> [Aim of the task] Look in the listing below for the line that has "Cute Lace Tulle", then return it and each following line up to and including the one with "Close-up of Freeze", exactly and without pictures.
━━ Recorded information ━━
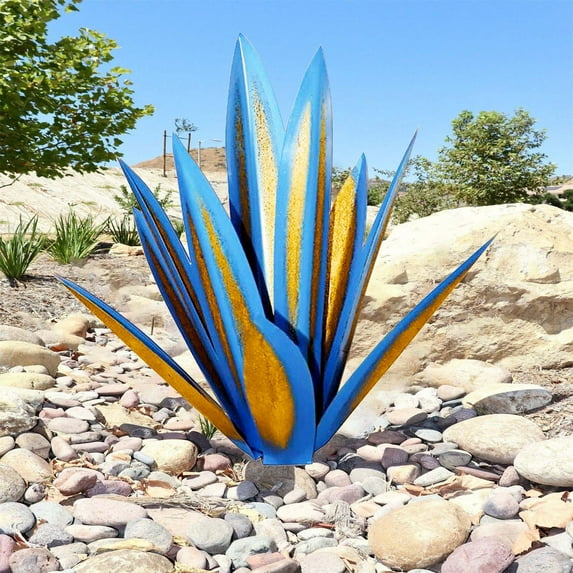Tequila Rustic Sculpture Metal Agave Plant Metal Agave Yard Art Outdoor Decor Large DIY Metal Agave Plant for Home Yard Decorations Stakes Lawn Ornaments Yard Stakes, Garden Figurines, Outdoor Patio
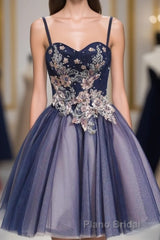 Cute Lace Tulle Short A Line Formal Prom Dresses, Homecoming Dresses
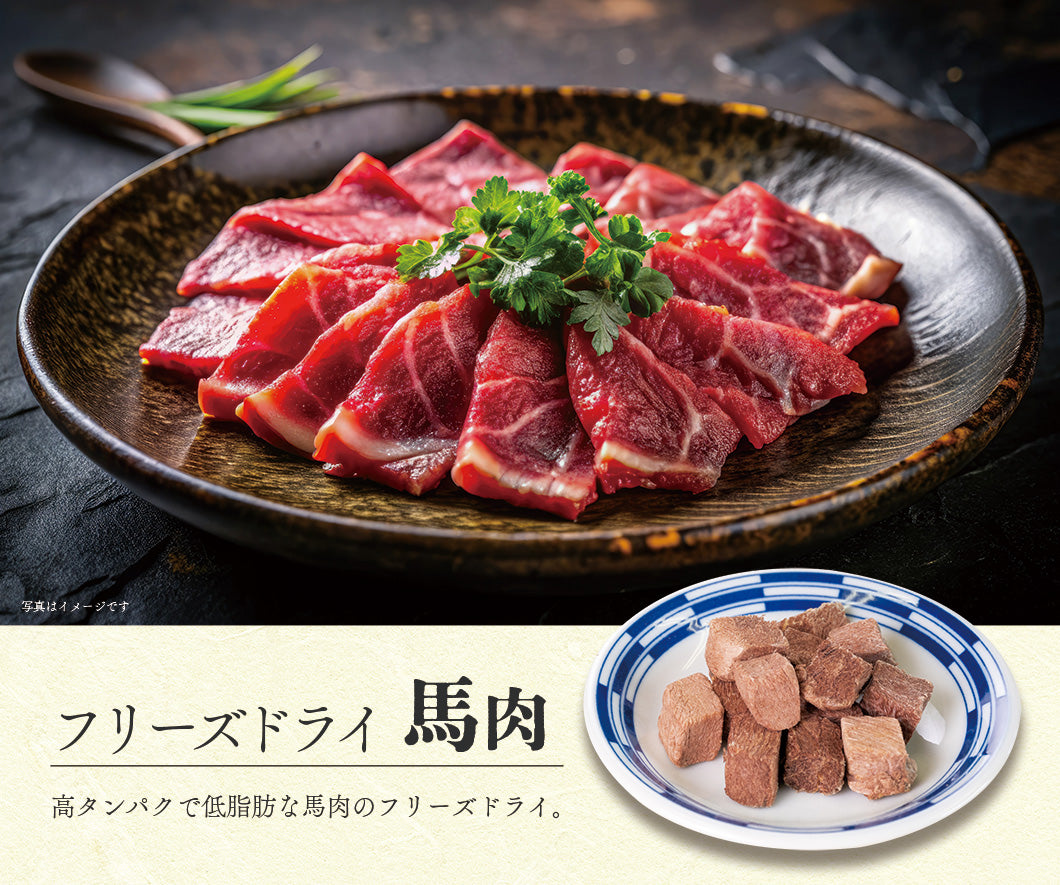 Close-up of Freeze Dried Horse Meat showing the natural texture of this freeze dried horse. Soft 3cm cubes, easy to chew, a healthy freeze-dried treat from Michinoku Farm Japan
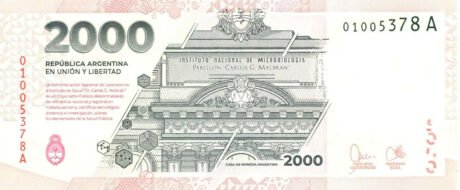 Аргентина підтвердила введення нової банкноти у 2000 песо (B427a) 22.05.2023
━━━
> [Answer space]
 Cute Lace Tulle Short A Line Formal Prom Dresses, Homecoming Dresses
 Close-up of Freeze Dried Horse Meat showing the natural texture of this freeze dried horse. Soft 3cm cubes, easy to chew, a healthy freeze-dried treat from Michinoku Farm Japan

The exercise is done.